To do: Please restate each entry word for word and leave the pictures out.

Image-text web data

========================================

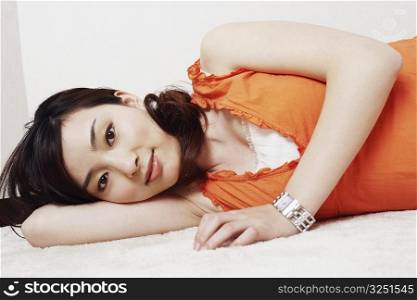 Portrait of a young woman lying down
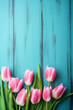 © Aquir - Tulip border with copy space. Bouquet of pink tulips flowers on turquoise blue vintage wooden background. generative ai. Beautiful frame composition of spring flowers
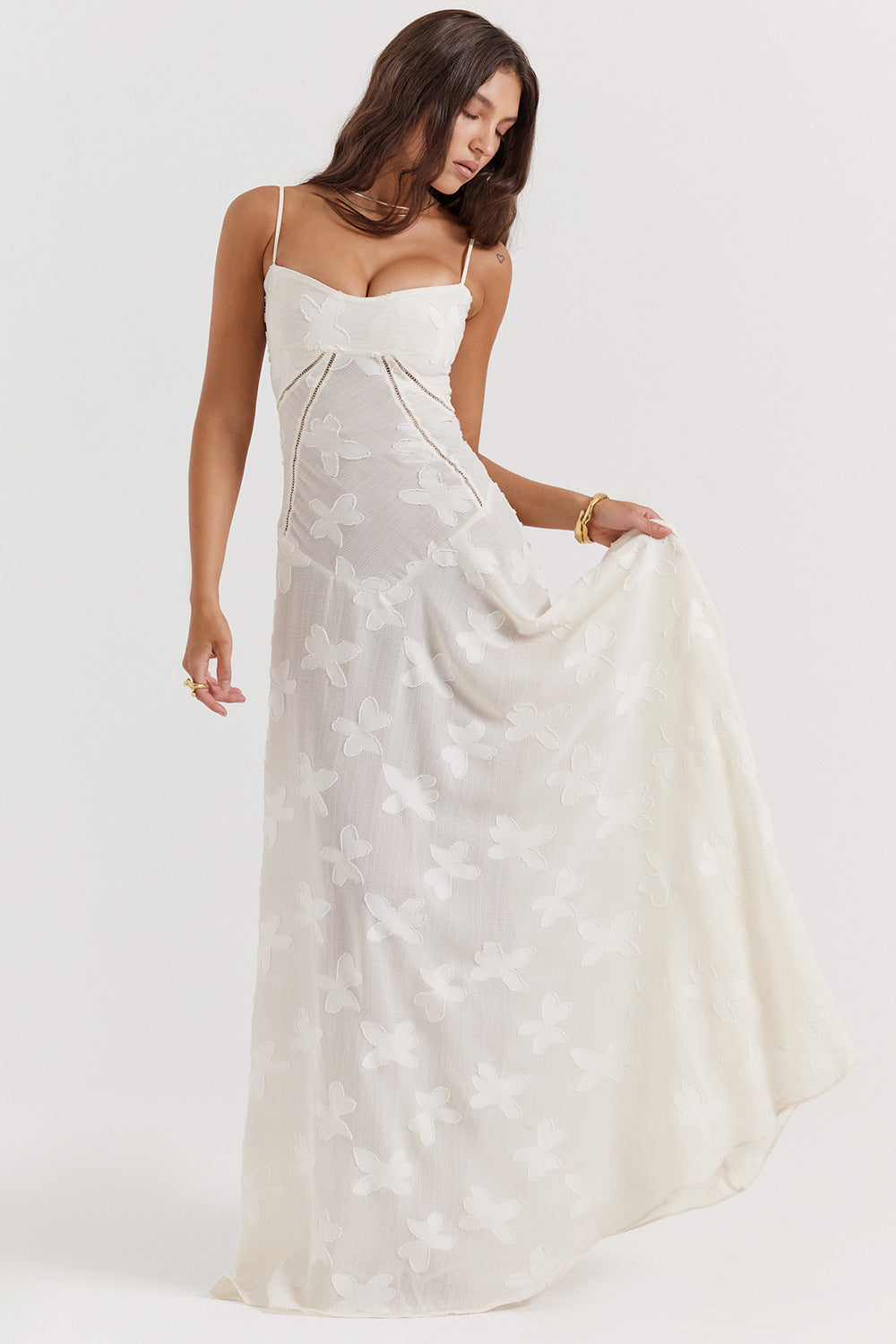 Stylish women's summer maxi dress with spaghetti straps, featuring a flattering slim fit for a chic look.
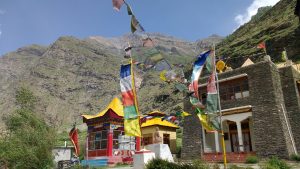 prayer flags, monastery, and mountain range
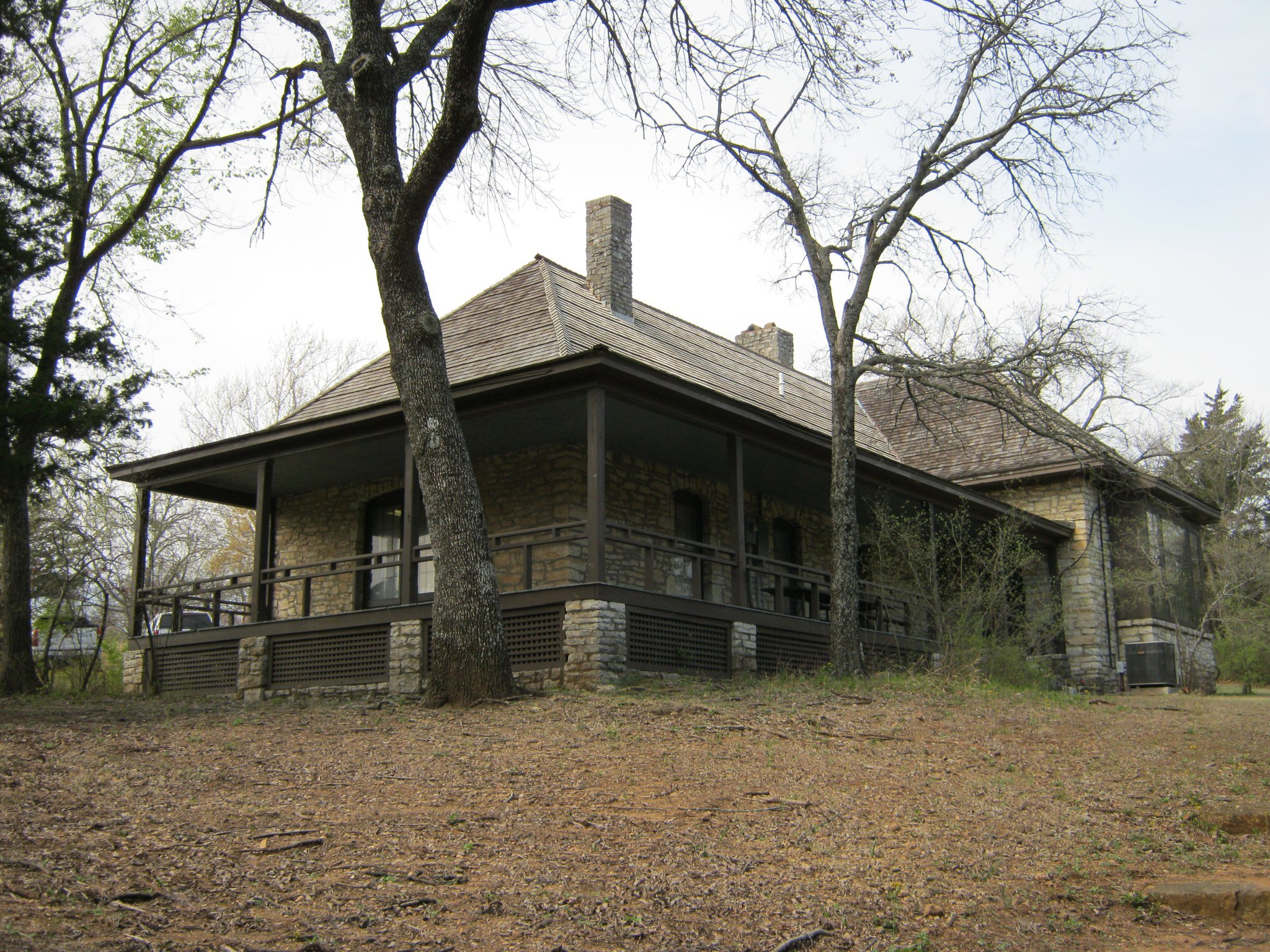 Maintenance building at Platt Historic District; stone structure with a wraparound porch.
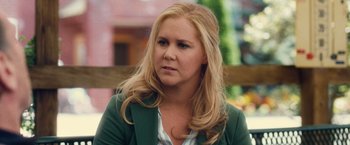 Movie still from “Trainwreck” (2015), directed by Judd Apatow – A woman with long blonde hair wearing a green jacket; Close Up shot, Over the shoulder angle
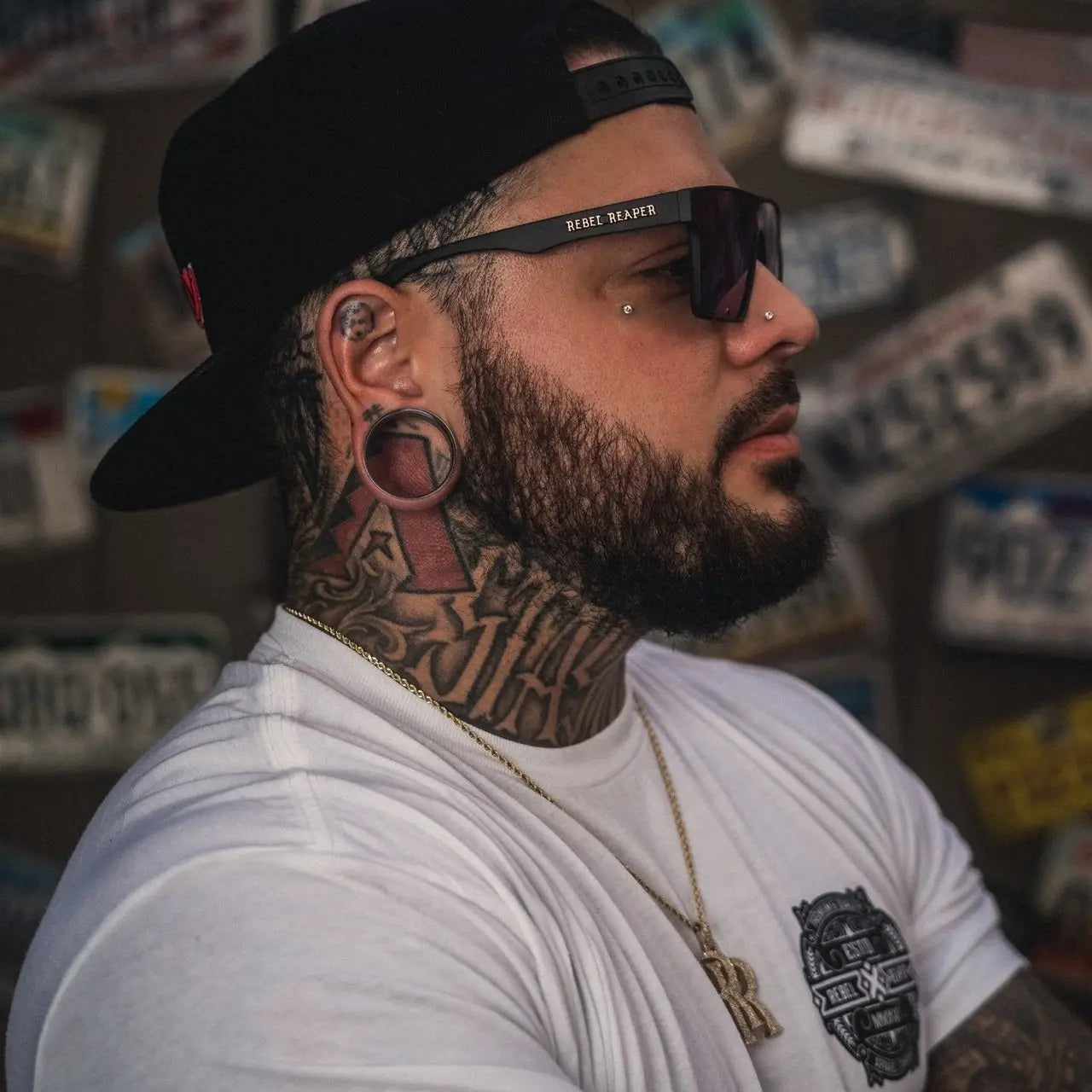 Man with tattoos and piercings wearing Rebel Reaper Hats clothing brand hat in collection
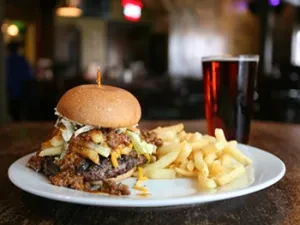 Close-up of a large burger, golden fries, and a dark drink.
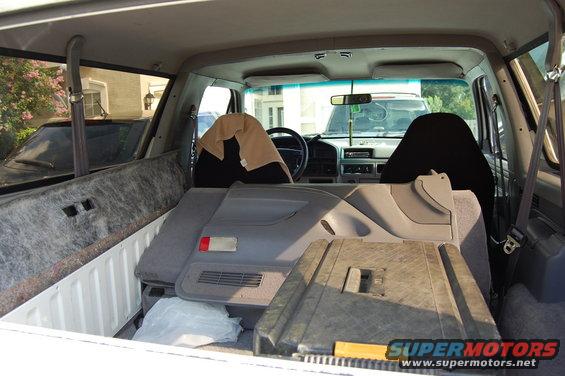 Interior of a 1992 Ford Bronco with disassembled parts in the cargo area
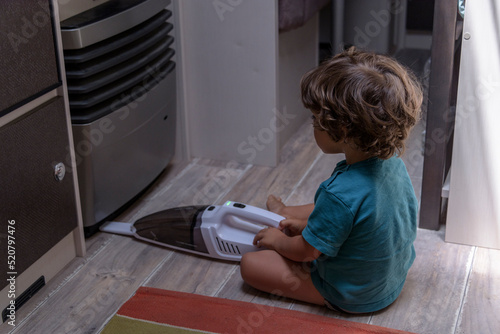 A sweet little boy vacuums the caravan while on vacation. A cute boy is cleaning the caravan.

========================================

Written answer:
 Portrait of a young woman lying down
 © Aquir - Tulip border with copy space. Bouquet of pink tulips flowers on turquoise blue vintage wooden background. generative ai. Beautiful frame composition of spring flowers
 Stylish women's summer maxi dress with spaghetti straps, featuring a flattering slim fit for a chic look.
 prayer flags, monastery, and mountain range
 Maintenance building at Platt Historic District; stone structure with a wraparound porch.
 Movie still from “Trainwreck” (2015), directed by Judd Apatow – A woman with long blonde hair wearing a green jacket; Close Up shot, Over the shoulder angle
 Man with tattoos and piercings wearing Rebel Reaper Hats clothing brand hat in collection
 Close-up of a large burger, golden fries, and a dark drink.
 Interior of a 1992 Ford Bronco with disassembled parts in the cargo area
 A sweet little boy vacuums the caravan while on vacation. A cute boy is cleaning the caravan.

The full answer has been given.